Some of these thoughts are stated in the past tense, but many — maybe too many — are stated in the present tense.
Meanwhile time passes, approximately three years, and one fine day my little world of cleaning is turned on its head. What’s this I hear, people actually taking the time and trouble to explain things to me, all those unanswered questions of many moons ago! With amazement I hear people speak in my defence. Is that the sound of concern I hear in the distance? For the first time the centre spotlight was on me!
Everybody ‘understands’. They have done all along, but just forgot to let me know. I am asked my opinion on things, which I forgot I had. Compliments come my way: ‘Why, this is not just a job, it’s an art form in disguise!’ Is that a thank you I hear struggling to make itself heard over the hoovering? And to put the cherry on the top of the cake … A PAID HOLIDAY!
With all my new-found fame and fortune came knowledge! Oh that wonderful milk of life l’d been waiting for from my first day! Knowledge handed to me on a silver plate. What more could I want? . . . TO HAND IT ALL RIGHT BACK!
Oh yes, I got what I’d been screaming for: ‘All you ever wanted to know about the Centre but were afraid to ask’. And how wonderful it all looked on paper and how magical it all sounded. The ideals, the aims, the very roots of the place l’d been working in for so long. Oh yes, it was all so enlightening, I would almost go as far as to say it was a spiritual experience, but I won’t!
Equality for all women amongst women. The chance to relax and be yourself, express yourself with no fear of ridicule.
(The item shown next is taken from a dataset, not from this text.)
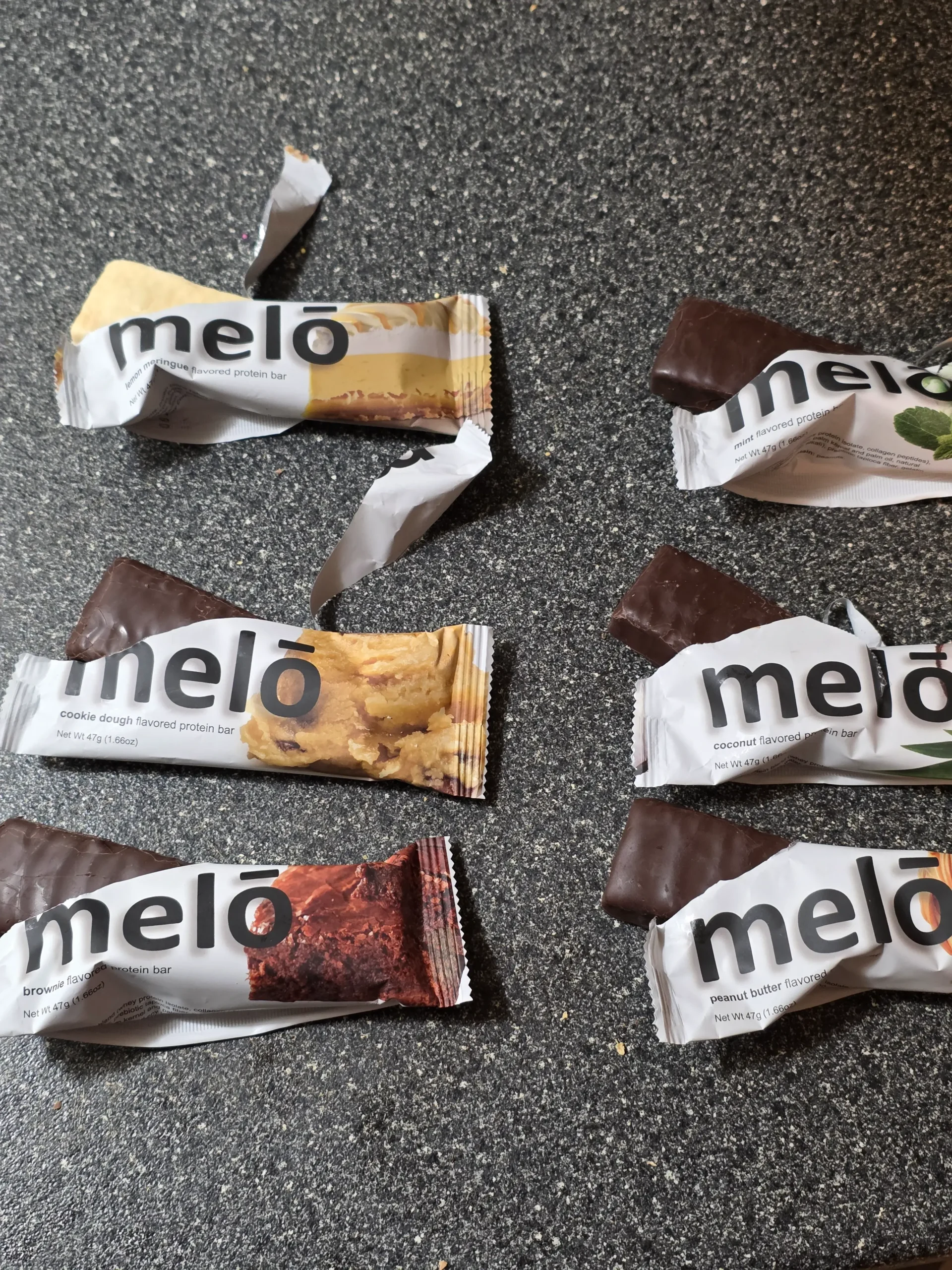 Melo Melō Protein Bars Brownie, Coconut, Cookie Dough, Lemon Meringue, Mint, and Peanut Butter.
Non-hierarchical, ‘everybody is as significant and important as the next woman’. It’s all very lovely on paper if you don’t look too closely.
But one question remains: if all these policies and ideals founded the Centre and nurtured it, then why oh why have I just written the last three pages? Surely I couldn’t have imagined it all, could I?! It’s harder now than ever it was, simply because of having the knowledge that the Centre states that it intends to do one thing and yet never quite seems to follow it through.
Dare I say it, but wouldn’t it be easier working somewhere that blatantly admits it’s a bastard of a system, at least you’d feel justified to just spit in its face, but working somewhere that wants to be fair and caring but finds it hard to do so .
It’s like potty-training a child, you know you hate them shitting on the Persian rug, but you know they’re trying and that they might make it to the potty in time next time!
I might just say that despite everything l’ve said, I think I can find a place in my heart for the old place, and I know l’ve been treated fairly well and am grateful for the wage I got from it. Maybe I could write another essay one day about all the good times I’ve had. But it’s so hard to see things — anything — nicely when you’re standing knee-deep in other people’s crap.
But with my hand on my heart I can say that one of the nicest things ever to come out of the Centre are some of the people; to hear them thank me and be comforting means more to me than my hoover, and that’s really saying something. But the one thing l’ve come to realise more and more over the years is that cleaning is important — it’s a bastard, but it’s as important as almost anything — but the people who do it aren’t.
So there you have it: what happened, what didn’t happen, what I got, but most of all what I want- forgot to mention it earlier: to work on reception.